The key words MUST, MUST NOT, REQUIRED, SHALL, SHALL NOT, SHOULD, SHOULD NOT, RECOMMENDED, MAY, and OPTIONAL in this document are to be interpreted as described in RFC 2119.

Contributing with code or documentation

This repository uses trunk based development. The picture below depicts what you must follow to properly contribute to this project:

git-workflow

Follow the steps below if you want to contribute with JSM.FluentValidation.AspNet.AsyncFilter:

  • Firstly, you should search in issues something that you want to work with.

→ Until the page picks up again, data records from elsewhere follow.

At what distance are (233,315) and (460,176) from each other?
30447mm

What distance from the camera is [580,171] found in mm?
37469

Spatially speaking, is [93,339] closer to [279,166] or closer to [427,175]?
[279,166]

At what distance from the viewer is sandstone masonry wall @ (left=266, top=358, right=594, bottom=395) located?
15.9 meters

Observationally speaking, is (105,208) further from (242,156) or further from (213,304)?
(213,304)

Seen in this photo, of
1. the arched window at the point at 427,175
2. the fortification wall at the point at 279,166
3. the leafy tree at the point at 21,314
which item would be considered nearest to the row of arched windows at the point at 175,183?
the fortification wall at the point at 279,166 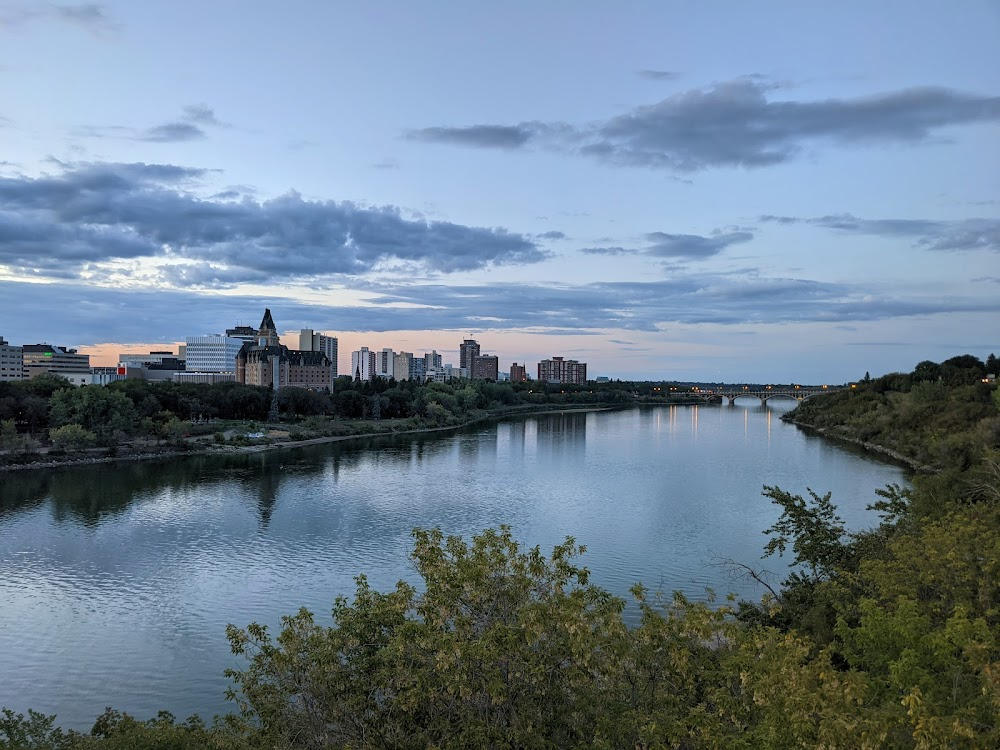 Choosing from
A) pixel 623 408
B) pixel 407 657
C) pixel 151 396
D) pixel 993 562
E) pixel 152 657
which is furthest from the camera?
pixel 623 408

You could filter those with help wanted (Good for community contributors to help, up-for-grabs) or good first issue labels;
  • To contribute, you must create a fork from this repo;
  • Then, you must create your commits and push them in your forked repo;
  • It's recommended to use conventional commits in your commit summary;
  • After all commits, you should open a PR from your branch in the forked repo to the source repo main branch;
  • Maintainers will review your pull request ASAP and they can approve it or request updates;

Contributing with issues or questions

Another way to contribute is creating an issue. Feel free to write as many issues as you want, they are very important to help us launching new releases and solving bugs. It's recommended to label you issue with any one of the following labels: question, bug or enhancement.

Package version

The package is published in nuget and the version control is one of the maintainer's responsibilities. Even if you have already made a merge request to this repo, the package version will be updated only after a maintainer edit on JSM.FluentValidation.AspNet.AsyncFilter.csproj.